Numerous survivors recalled being afraid to call authorities for help because of unfamiliarity with the process, social stigma, and the feared implications of calling out the abuse for the family (e.g., forced separation of the family due to the partner going to jail or the survivor and children going to a shelter). This dilemma further contributed to feeling ensnared. While two survivors described that calling for intervention was eventually helpful, there were more examples of how these survivors felt brushed off or invalidated by the police, which resulted in additional discouragement and disempowerment and an unwillingness to try to take action again.
Theme 2: Immigrant and Refugee Survivors Experience Gaps and Therefore Feel Lost When Seeking or Receiving Support
Immigrant/Refugee Survivors Experience Knowledge Gaps in the Host Country
Lack of knowledge of available support services stood out amongst these survivors’ descriptions of their difficulties in knowing how to find help, as well as in their accounts of what they saw as ways to improve supports for immigrant/refugee survivors of IPV. Some survivors spoke to how they were initially unaware of their rights and that legal action could be taken to ensure their safety (e.g., “I did not know there are so many things that are rights for me in Canada”); some others expressed that education surrounding the law/court systems, child welfare, and the rights that women have in their situations is something that they really wished they had upon arrival in Canada. There also seemed to be some consensus that it would be helpful if newcomers to Canada were all given standard informative material upon arrival regarding governmental and other official supports available to them, including but not limited to those related to IPV. Additionally, in some instances, survivors expressed an unmet need for agencies to proactively connect with immigrants and refugees and provide referrals to community programs to help clients receive multifaceted support above and beyond IPV. This would help prevent them from feeling confused about how to cope or act.
The survivors described that information surrounding the immigration process, the resources that were available to them, and family services was also unfortunately lacking early in their recovery process. Some specific options brought forth by survivors to improve informational support included having welcome centers where survivors could access a variety of information, having educational workshops, improving referral systems, and providing support in filling out various documents. Some survivors also demonstrated a complete gap in knowledge about what resources were available to their children and how they could best support their children.
Immigrant/Refugee Survivors Are Confused by Cultural Differences
These survivors described several cultural differences that played a role in impeding the help-seeking process even after receiving local knowledge or information about available support services. On many occasions, survivors faced ongoing general challenges from being in a country with contrasting values and beliefs. Language barriers were also frequently mentioned as further contributing to cross-cultural confusions. Some survivors mentioned that terms associated with “abuse” in Canada such as “safety,” “domestic violence,” and “well-being” were perplexing to them and, even after repeated explanation, difficult to fully grasp. In addition, the survivors in a few instances expressed personal discomfort with or cultural incongruence when using the word “abuse.” These survivors suggested that it may be helpful to avoid using the word “abuse” to improve the immigrant/refugee women’s willingness to initially access services.
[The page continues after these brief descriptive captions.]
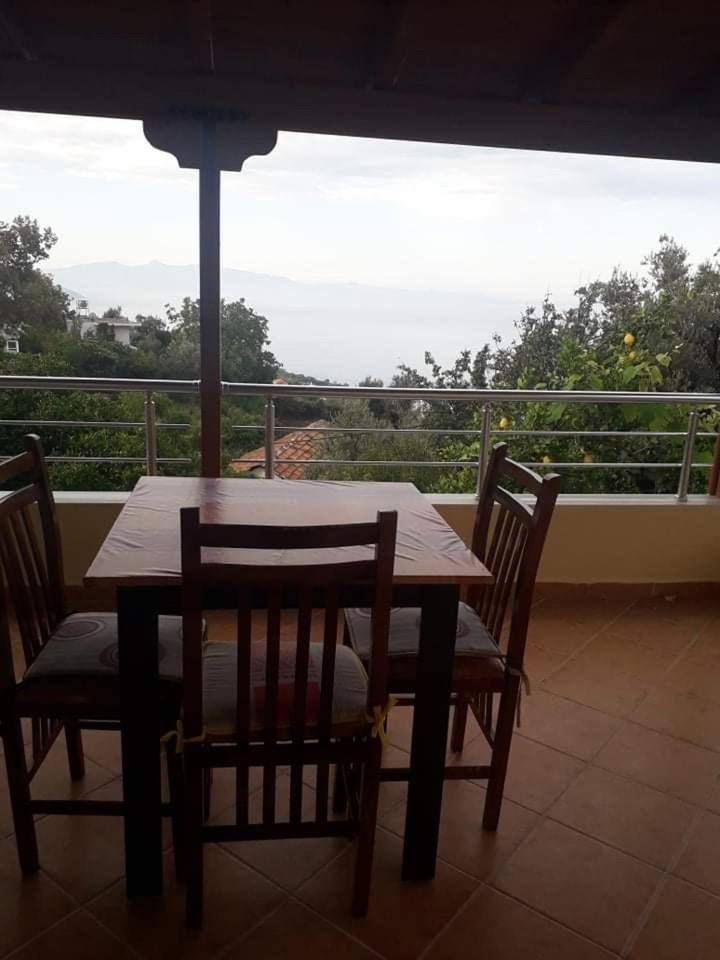 Vasil Rooms Λούκοβο Εξωτερικό φωτογραφία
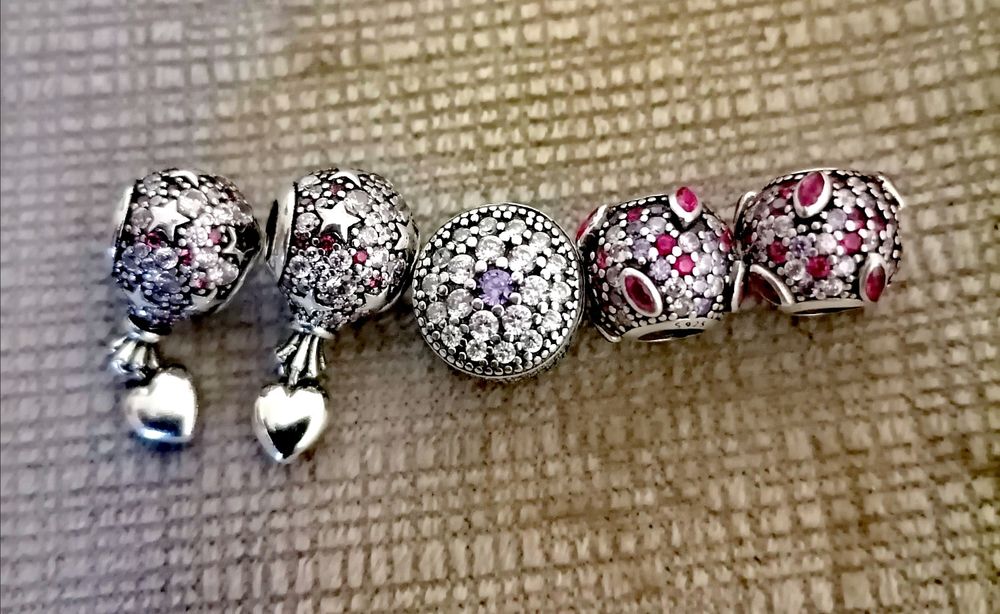 Шест прекрасни нови мурана и няколко сребърни талисмана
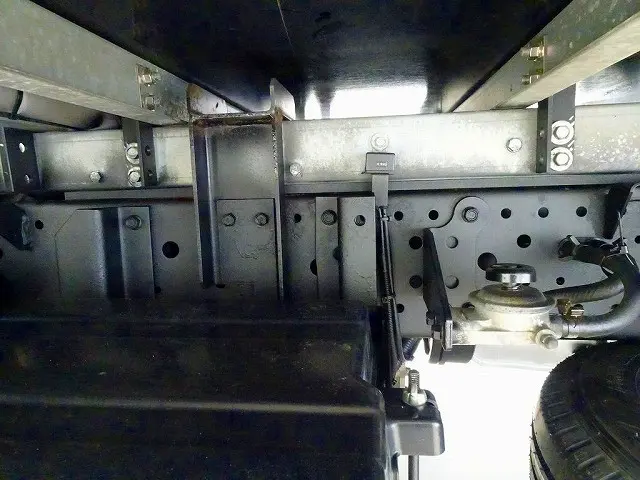シャーシは 錆止め/マフラー塗装 仕上げに力を入れています。|いすゞ エルフ 2RG-NHR88AN(2WD)の写真35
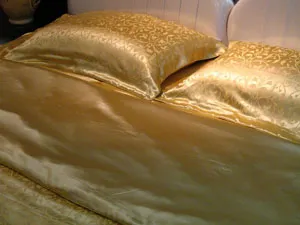 pure silk bedding set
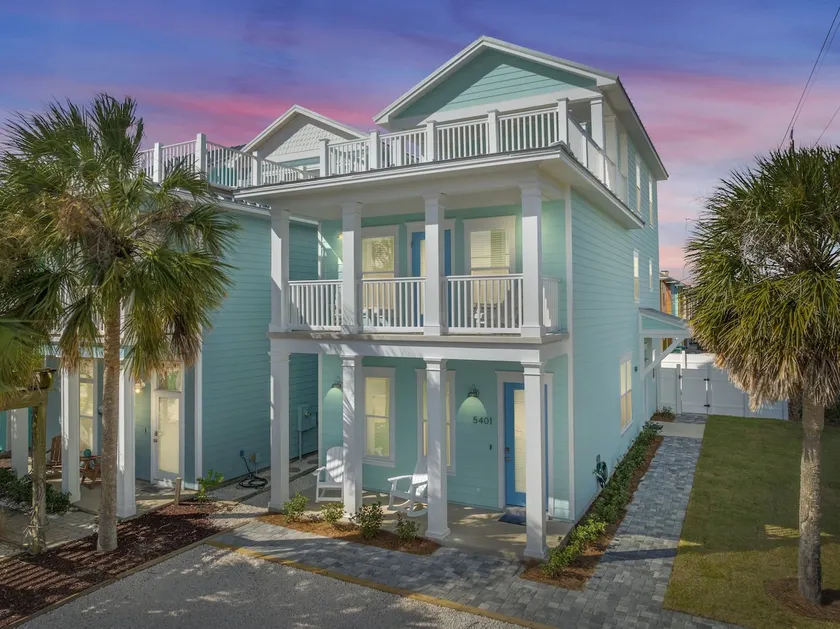 Spectacular 3br 4ba w/ Private Pool, 2 Min Walk to Beach - Sleeps 15! - Image 1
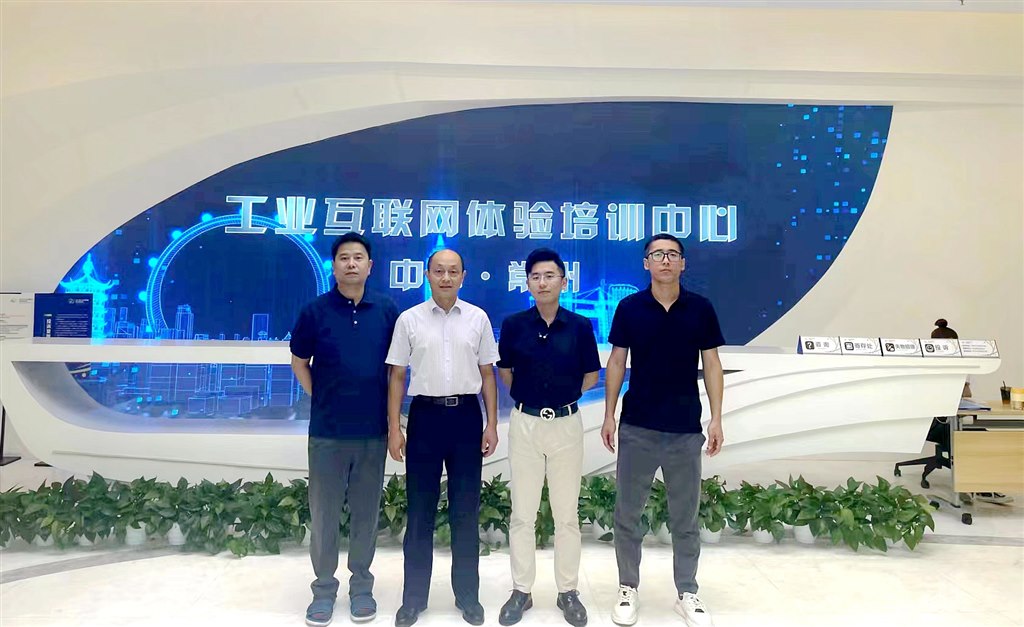 1執(zhí)行校長(zhǎng)孫利兵帶隊(duì)赴國(guó)佳云為（江蘇）信息科技有限公司開(kāi)展“訪企拓崗促就業(yè)”交流活動(dòng).jpg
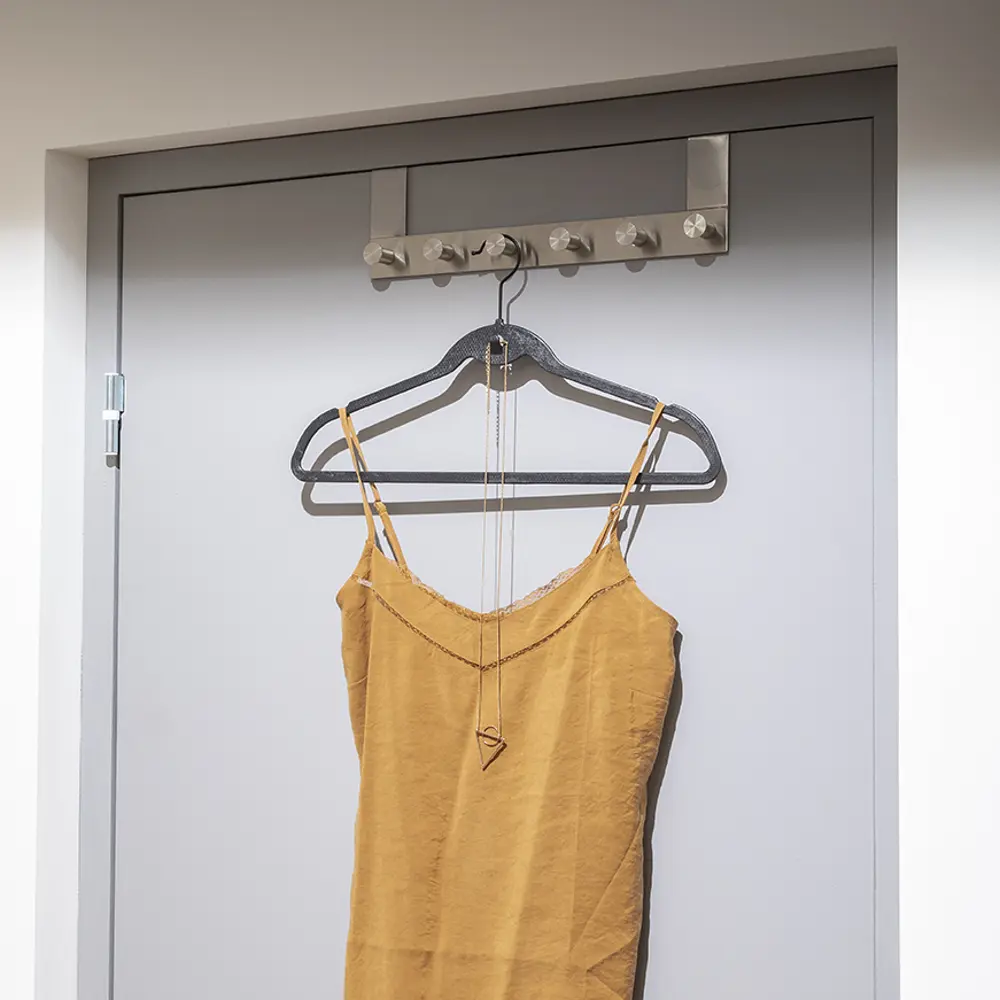 Плечики для одежды KONSENSA 45 см пластик цвет черный 4 шт Плечики пластиковые STLM-2203719 - Вид №4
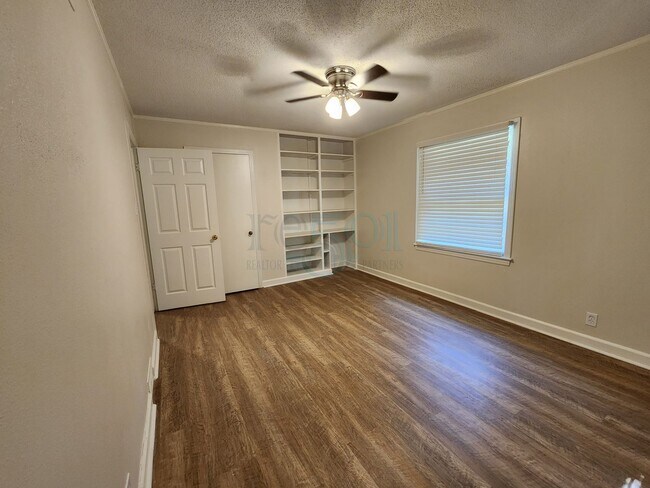Building Photo - Compeltely Remodeled 3 Bedroom 3 Bathroom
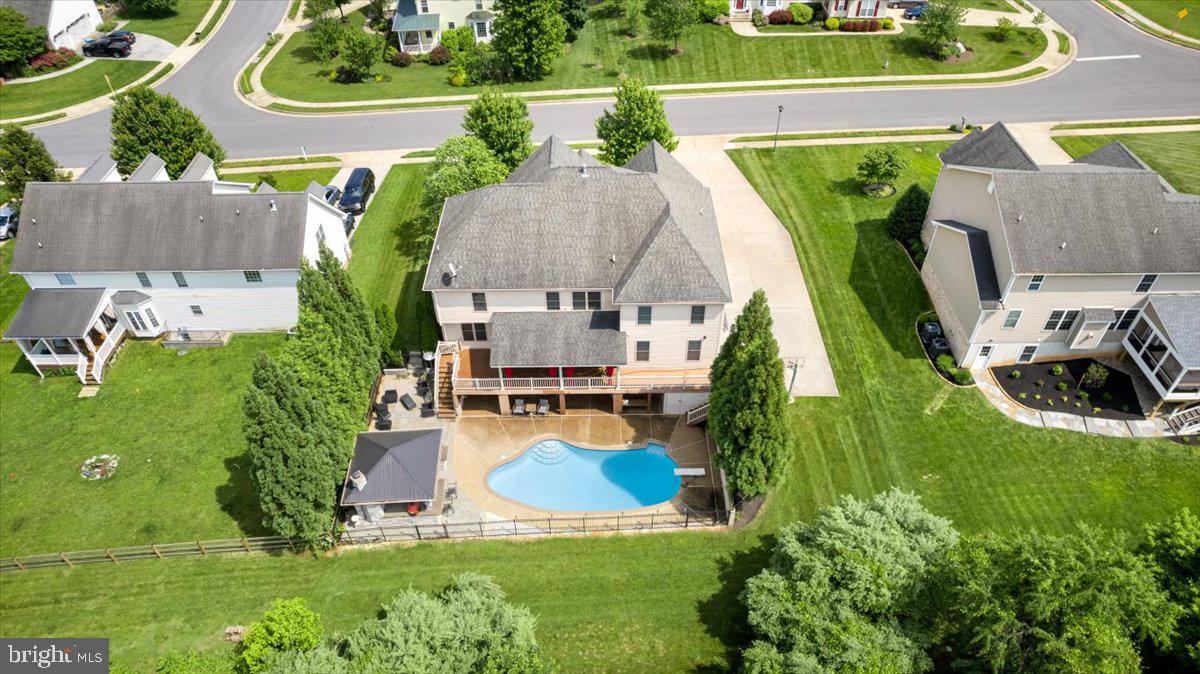 237 Tyson Dr
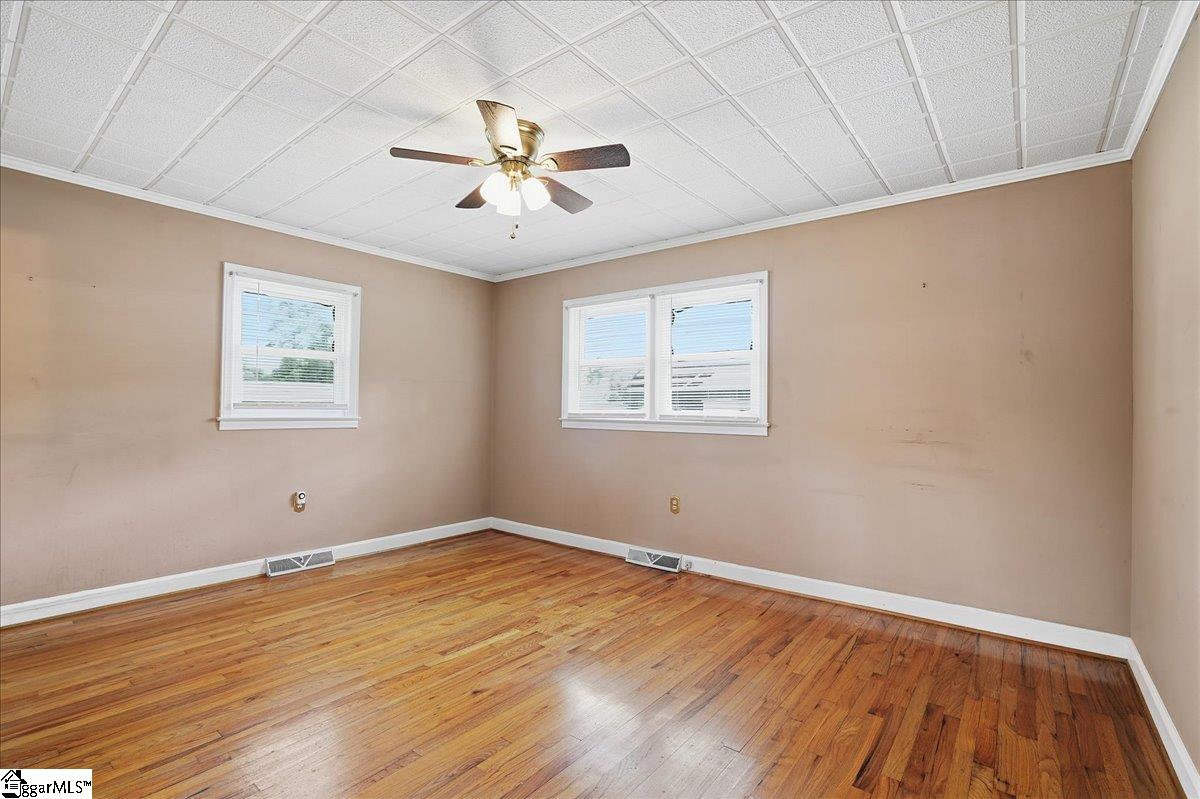 208 Skyland Drive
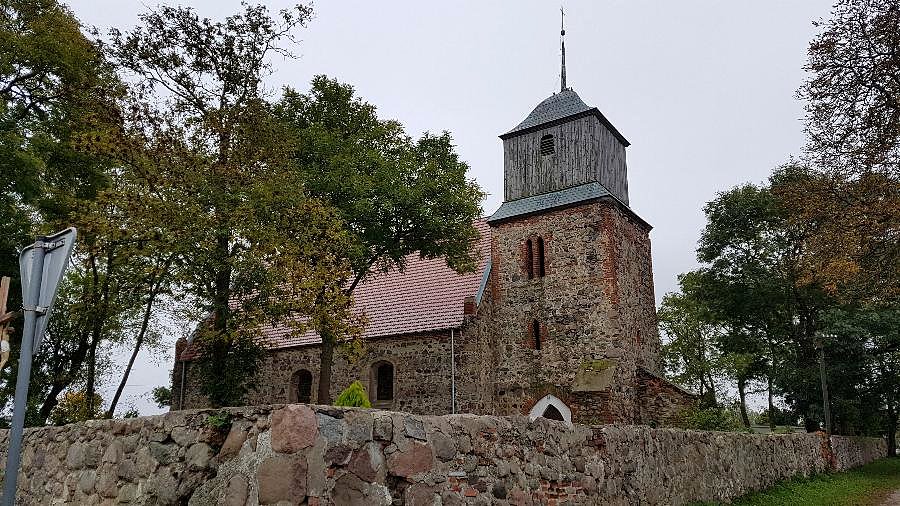 Kłodzino (niem. Kloxin) Kościół filialny p.w. św. Antoniego z XIII wieku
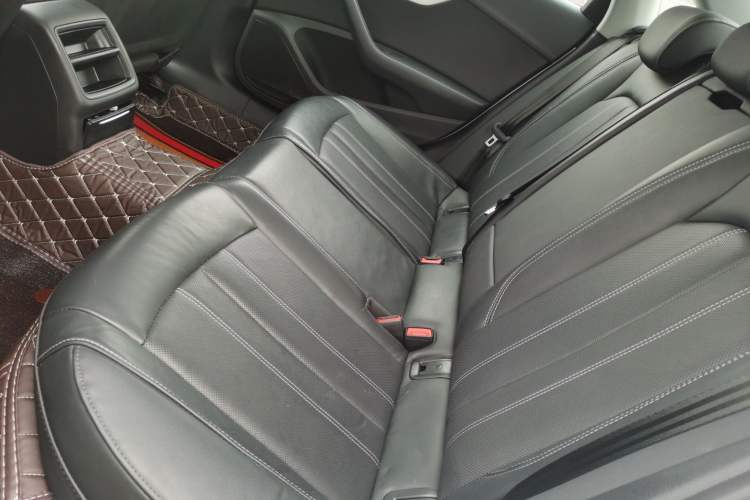 Used Audi A4L 2023 40 TFSI Fashion Dynamic Model
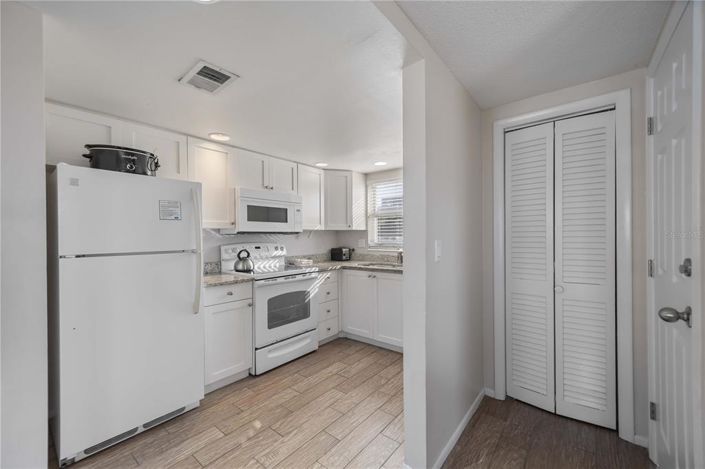 Image No.32-4 Bed Property for sale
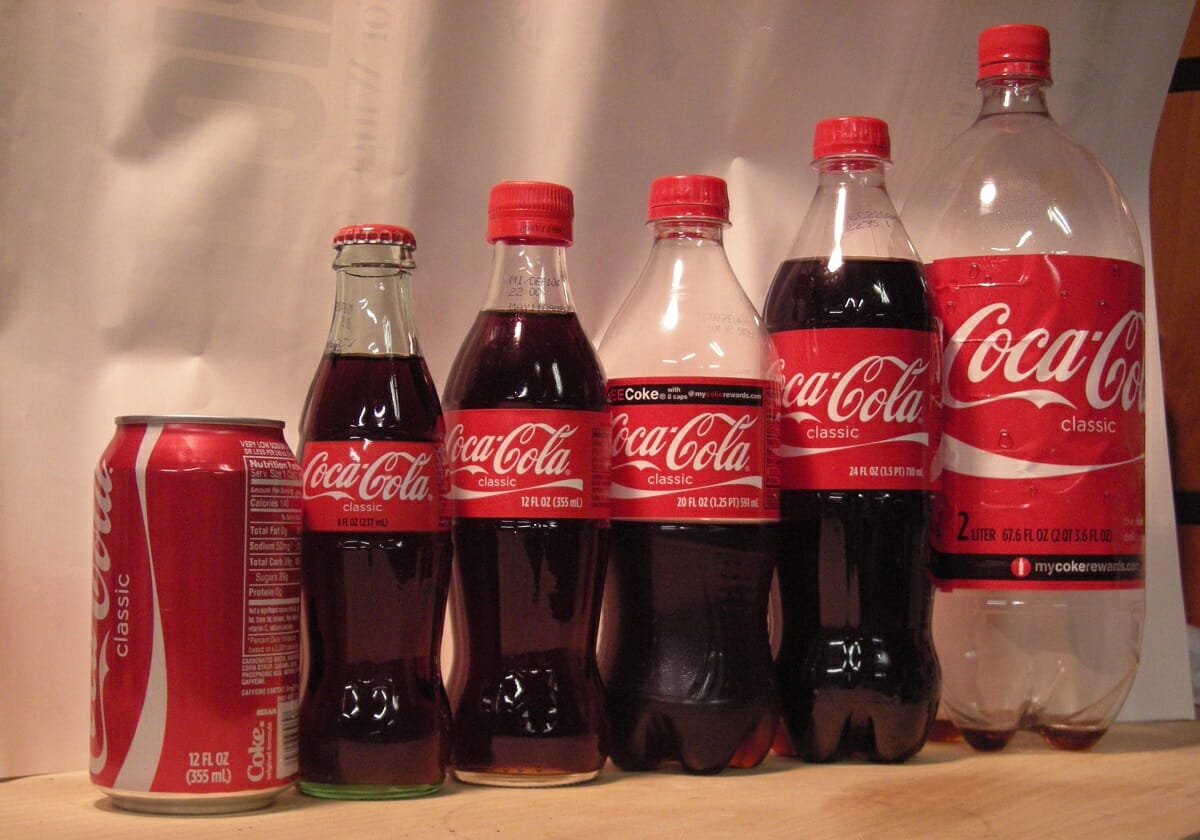 コカ・コーラ、もとは頭痛薬だった！複数の偶然の産物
Immigrant/Refugee Survivors Experience Gaps in Services
These survivors’ accounts illustrated the wide variety of needs that they attempted to address or tried to get services for to promote safety and independence in their journey and recovery process after IPV. These needs were not easily fulfilled due to the lack of local/easily commutable or culturally appropriate resources available, particularly those that offered long-term support. In many cases, financial constraints needed to be overcome first before availing oneself of IPV services. For example, survivors often struggled to meet their basic needs (food, shelter, etc.) as well as cover legal fees associated with the IPV. Therefore, free services and the need for monetary resources were paramount. Survivors indicated that vocational support services, such as language training, job training, and further education, were or would have been very helpful to address financial constraints and permit them to better take advantage of available support services and promote recovery over the long term.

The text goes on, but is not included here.